Label-free identification of single cell-derived vesicles by Raman microspectroscopy
||E. van der Pol, C.M. Hau, A.T.M. Lenferink, A. Sturk, R. Nieuwland, C. Otto, and T.G. van Leeuwen|
||SPIE Photonics West 2013, San Francisco, United States|
||February 6, 2013|
Human blood contains numerous cell-derived vesicles ranging from 30 nm to 1 μm in diameter. The function, origin, and composition of these vesicles is disease (state) dependent and therefore vesicles contain clinically relevant information. The cellular origin of vesicles is usually established by fluorescent antibody labeling, which involves practical problems. We have applied Raman microspectroscopy to distinguish normal vesicles from tumor-derived vesicles in solution without labeling. Single optically trapped tumor-derived vesicles showed unique Raman transitions compared to normal vesicles. For the first time, single tumor-derived vesicles were distinguished from normal vesicles without labeling using Raman microspectroscopy.
Background: Human blood contains cell-derived vesicles, which are spherical particles enclosed by a phospholipid bilayer. These vesicles originate from blood cells, bone marrow cells, stem cells, and endothelial cells, and their function, origin, and composition is disease (state) dependent. Therefore, vesicles can be potentially used for prognosis, therapy, and biomarkers for disease. However, due to their small size (30 nm – 1 μm), detection of vesicles is cumbersome. The cellular origin of vesicles is usually established by fluorescent antibody labeling, which is laborious, expensive, and involves practical problems. We have applied Raman microspectroscopy to distinguish normal vesicles from tumor-derived vesicles in solution without labeling.
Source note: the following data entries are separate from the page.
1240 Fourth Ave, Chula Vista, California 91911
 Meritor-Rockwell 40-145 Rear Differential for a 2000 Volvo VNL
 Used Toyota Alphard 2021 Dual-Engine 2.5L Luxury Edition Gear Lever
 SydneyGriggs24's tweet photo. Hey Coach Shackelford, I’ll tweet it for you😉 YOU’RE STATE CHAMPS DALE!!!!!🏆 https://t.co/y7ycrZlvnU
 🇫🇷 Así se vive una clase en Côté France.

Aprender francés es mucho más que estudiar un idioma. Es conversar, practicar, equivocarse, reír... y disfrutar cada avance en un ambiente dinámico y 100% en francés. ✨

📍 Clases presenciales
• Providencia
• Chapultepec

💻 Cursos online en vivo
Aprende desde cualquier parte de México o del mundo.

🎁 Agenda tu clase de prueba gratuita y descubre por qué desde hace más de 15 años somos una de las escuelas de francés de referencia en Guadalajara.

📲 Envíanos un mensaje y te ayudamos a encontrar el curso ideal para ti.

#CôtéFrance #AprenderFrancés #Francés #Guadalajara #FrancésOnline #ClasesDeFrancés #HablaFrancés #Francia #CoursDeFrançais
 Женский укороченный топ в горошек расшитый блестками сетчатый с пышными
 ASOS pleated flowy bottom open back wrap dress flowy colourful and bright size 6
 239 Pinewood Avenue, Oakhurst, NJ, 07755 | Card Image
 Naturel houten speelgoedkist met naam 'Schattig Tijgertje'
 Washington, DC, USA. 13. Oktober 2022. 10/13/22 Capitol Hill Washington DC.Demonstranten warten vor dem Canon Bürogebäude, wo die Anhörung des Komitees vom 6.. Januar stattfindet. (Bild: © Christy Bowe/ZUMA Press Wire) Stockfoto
Methods: Platelet and erythrocyte vesicles were isolated from blood bank concentrates and tumor-derived vesicles were isolated from a human pancreatic adenocarcinoma cell line. Vesicles were isolated using differential centrifugation and analyzed by transmission electron microscopy, resistive pulse sensing, and Raman microspectroscopy. For Raman microspectroscopy, a 100-mW krypton ion laser operating at a wavelength of 647 nm was focused to a probe volume of 1 fL, which overlaps with the dimension of vesicles. The Stokes shift from light scattered by optically trapped vesicles was measured using a spectrograph dispersing in the range 646–849 nm.
Results: The Raman spectra of single optically trapped vesicles showed spectral transitions characteristic of phospholipids. Erythrocyte vesicles exhibited more fluorescence compared to platelet vesicles, whereas tumor-derived vesicles showed additional Raman peaks compared to normal vesicles.
Conclusions: For the first time, single tumor-derived vesicles were distinguished from normal vesicles without labeling using Raman microspectroscopy.